So, here's part 2 of the BBQ sauce making and canning series. This one is a ketchup based recipe (I went simple on the photos on this one just because it was getting late and I was tired when I made it).
St. Louis BBQ Sauce (adapted from recipe found on About.com). Quadrupled to get amount seen above.
- 2 cups ketchup (garlic free. I used a combo of home made ketchup and Annie's Organic Ketchup for the recipe)
- 1/2 cup water
- 1/3 cup apple cider vinegar
- 1/3 cup brown sugar
- 2 tablespoons yellow mustard (I used dried since it didn't say which to use. Came out thicker than it described the recipe as being, but it tasted just fine and I like thick BBQ sauce anyway :).
- 2 tablespoons onion powder
- 1/2 teaspoon cayenne
- 1 Tablespoon Liquid Smoke flavoring (at least I used it because I like a smokey flavor to my BBQ sauce :).
Step 2: Combine all ingredients in a saucepan bring to a boil. Reduce heat and simmer for 20 minutes or until desired consistency is reached (I waited until it would coat the back of a spoon well).
Step 3: Fill up canning jars to 1/2 inch mark (underside of the canning jar threads), put lids and rings on and process in a hot water bath canner for 35 minutes for pints and 40 minutes for quarts (I'd honestly go for pints here folks...that's a lot of BBQ sauce in a quart!). Remove to a kitchen towel to cool completely. Check seals. If the lid pops up and down the seal is bad and you can just put the BBQ sauce in the fridge to use ASAP.
And done! I know the hardest thing you'll ever do right? *Laugh*. Seriously it was making the ketchup, mustard and chili powder that took me the longest in getting up TO this point in the "needing to make condiment" process. But, it was worth it :).

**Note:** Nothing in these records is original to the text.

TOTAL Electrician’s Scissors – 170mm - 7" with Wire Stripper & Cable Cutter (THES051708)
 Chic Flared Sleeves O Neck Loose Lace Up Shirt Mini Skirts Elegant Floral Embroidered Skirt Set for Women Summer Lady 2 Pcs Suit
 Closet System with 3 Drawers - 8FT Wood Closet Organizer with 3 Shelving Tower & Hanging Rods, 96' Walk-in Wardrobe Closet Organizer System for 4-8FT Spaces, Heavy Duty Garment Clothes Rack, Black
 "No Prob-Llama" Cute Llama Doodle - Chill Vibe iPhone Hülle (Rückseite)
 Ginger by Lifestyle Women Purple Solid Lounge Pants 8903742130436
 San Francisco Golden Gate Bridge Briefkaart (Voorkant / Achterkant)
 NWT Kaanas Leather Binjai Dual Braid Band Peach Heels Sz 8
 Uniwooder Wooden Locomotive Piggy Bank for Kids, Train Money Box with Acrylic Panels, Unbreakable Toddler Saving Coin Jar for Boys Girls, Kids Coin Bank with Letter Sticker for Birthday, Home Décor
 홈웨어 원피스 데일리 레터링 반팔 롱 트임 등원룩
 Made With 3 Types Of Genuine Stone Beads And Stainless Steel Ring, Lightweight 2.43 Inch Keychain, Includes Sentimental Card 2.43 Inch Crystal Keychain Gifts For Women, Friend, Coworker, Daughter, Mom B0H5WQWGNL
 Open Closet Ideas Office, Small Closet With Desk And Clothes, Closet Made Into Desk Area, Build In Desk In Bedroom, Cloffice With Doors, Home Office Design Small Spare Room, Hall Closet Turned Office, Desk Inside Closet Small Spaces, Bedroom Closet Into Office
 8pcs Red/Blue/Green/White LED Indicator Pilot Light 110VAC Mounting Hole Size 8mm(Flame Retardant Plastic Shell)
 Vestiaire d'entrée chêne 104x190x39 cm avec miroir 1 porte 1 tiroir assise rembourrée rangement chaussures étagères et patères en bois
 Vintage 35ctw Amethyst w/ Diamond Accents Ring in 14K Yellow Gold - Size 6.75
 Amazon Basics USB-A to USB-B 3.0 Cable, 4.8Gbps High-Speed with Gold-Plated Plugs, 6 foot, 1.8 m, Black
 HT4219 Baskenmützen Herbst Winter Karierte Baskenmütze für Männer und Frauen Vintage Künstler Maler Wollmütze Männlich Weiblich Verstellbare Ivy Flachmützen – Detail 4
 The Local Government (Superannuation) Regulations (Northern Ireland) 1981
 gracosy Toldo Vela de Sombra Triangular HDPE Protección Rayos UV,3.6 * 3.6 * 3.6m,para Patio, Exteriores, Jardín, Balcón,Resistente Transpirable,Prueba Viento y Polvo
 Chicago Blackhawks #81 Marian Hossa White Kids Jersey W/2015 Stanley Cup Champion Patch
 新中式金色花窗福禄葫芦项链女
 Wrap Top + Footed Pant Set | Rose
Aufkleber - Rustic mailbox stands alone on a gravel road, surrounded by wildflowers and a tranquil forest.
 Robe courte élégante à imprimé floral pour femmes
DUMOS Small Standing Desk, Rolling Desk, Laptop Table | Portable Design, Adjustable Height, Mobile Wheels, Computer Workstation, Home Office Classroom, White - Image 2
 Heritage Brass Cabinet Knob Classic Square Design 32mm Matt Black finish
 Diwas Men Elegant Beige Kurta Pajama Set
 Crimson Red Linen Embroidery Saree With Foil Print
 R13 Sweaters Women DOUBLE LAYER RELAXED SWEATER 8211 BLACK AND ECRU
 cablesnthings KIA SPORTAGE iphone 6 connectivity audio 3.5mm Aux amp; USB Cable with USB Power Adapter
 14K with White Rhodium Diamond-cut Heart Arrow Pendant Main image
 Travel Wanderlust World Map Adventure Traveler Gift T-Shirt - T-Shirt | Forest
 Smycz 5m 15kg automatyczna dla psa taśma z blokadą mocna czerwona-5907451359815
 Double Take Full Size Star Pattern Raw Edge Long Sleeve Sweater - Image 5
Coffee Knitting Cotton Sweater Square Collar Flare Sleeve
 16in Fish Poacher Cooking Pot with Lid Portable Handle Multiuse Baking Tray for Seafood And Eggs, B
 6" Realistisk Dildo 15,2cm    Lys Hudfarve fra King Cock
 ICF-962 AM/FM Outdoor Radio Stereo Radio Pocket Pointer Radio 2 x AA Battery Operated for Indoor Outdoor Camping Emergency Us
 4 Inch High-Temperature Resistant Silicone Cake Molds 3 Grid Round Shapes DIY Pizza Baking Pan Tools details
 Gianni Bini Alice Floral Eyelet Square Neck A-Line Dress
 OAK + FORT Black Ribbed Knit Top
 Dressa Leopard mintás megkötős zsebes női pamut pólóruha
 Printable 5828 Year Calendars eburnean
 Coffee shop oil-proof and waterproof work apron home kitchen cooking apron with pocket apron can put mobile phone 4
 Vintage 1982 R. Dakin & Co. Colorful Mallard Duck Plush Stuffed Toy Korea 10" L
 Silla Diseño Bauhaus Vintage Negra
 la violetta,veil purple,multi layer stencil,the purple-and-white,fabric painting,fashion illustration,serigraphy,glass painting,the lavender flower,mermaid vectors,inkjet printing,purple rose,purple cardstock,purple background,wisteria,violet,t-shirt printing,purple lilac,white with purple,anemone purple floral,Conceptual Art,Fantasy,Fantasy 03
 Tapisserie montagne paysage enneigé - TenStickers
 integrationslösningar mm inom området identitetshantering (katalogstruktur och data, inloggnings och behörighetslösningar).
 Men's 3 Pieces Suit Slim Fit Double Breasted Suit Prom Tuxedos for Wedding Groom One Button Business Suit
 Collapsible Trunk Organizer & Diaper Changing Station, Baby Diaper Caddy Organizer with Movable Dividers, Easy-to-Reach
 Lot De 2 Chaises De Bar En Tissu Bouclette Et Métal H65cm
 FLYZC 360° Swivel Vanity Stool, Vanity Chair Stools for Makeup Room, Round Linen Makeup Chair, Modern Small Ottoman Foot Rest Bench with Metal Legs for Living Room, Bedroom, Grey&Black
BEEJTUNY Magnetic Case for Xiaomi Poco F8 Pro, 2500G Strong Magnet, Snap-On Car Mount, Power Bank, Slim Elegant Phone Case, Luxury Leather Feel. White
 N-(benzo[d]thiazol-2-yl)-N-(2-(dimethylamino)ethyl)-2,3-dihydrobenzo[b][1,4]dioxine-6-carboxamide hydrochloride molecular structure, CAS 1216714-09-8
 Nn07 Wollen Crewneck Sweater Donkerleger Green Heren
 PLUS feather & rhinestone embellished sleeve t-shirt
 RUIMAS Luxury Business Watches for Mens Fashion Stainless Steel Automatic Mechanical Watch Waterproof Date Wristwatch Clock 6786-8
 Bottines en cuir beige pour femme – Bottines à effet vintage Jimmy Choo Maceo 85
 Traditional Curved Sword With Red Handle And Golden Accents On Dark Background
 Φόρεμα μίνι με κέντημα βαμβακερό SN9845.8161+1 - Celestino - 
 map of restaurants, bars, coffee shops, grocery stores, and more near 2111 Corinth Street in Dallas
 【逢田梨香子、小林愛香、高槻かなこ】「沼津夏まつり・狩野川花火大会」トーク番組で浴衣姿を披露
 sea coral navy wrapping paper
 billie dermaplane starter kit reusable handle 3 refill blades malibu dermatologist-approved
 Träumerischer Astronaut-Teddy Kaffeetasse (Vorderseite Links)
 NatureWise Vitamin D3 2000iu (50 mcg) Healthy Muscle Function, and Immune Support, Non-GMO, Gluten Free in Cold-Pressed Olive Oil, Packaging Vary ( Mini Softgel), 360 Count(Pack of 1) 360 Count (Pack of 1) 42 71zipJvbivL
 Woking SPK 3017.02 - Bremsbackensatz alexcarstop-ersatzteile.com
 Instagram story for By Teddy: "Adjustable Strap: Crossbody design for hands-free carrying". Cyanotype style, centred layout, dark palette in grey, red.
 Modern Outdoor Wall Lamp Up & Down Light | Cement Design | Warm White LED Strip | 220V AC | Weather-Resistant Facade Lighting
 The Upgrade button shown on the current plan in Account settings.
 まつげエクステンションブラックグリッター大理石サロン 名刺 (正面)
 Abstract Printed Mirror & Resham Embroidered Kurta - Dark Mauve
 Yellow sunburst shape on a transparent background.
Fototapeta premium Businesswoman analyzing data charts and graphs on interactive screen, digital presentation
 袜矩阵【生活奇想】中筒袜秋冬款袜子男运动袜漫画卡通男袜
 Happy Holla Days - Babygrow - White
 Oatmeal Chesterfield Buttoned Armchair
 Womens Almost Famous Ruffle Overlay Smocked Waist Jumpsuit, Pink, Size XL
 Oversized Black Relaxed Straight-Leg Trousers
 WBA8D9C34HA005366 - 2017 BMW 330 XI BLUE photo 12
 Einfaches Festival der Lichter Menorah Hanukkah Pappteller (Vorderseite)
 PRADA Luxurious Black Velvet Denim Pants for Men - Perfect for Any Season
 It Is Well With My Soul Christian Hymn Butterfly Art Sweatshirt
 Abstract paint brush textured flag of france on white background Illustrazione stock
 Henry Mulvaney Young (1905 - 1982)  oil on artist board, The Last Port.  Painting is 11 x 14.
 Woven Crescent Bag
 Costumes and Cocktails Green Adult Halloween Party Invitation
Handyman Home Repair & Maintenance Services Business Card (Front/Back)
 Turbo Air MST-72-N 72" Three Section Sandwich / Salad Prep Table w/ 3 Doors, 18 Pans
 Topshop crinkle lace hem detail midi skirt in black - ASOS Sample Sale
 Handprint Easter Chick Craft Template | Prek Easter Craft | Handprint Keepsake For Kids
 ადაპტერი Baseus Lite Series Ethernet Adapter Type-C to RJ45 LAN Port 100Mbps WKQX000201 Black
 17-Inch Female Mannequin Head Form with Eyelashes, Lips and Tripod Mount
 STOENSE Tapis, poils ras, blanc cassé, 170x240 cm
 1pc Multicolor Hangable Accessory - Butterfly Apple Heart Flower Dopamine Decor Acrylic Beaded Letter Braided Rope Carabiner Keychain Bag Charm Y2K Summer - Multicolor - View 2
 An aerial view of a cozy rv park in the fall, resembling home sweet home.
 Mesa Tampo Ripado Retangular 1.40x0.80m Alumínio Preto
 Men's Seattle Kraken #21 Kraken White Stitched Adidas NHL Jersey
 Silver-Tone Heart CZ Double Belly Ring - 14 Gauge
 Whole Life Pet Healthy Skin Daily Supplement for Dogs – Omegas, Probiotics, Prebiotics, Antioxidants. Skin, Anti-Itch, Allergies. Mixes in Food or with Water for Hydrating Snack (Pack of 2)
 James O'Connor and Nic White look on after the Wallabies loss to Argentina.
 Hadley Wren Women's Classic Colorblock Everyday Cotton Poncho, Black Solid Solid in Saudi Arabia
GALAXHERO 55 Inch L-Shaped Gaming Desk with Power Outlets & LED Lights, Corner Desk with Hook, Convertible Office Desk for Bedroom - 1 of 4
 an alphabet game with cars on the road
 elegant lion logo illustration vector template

Opinion of the BBQ Sauce: As my husband put it, "Wow! That's BOLD!" (picture really corny cowboy-like accent inserted here ;). It is pretty powerful stuff, but does taste like BBQ sauce, so I figure I did my job alright. If you're looking for a little less "pow" to your BBQ sauce I'd omit the Cayenne from the recipe and taste it after it's boiled down to see what you think.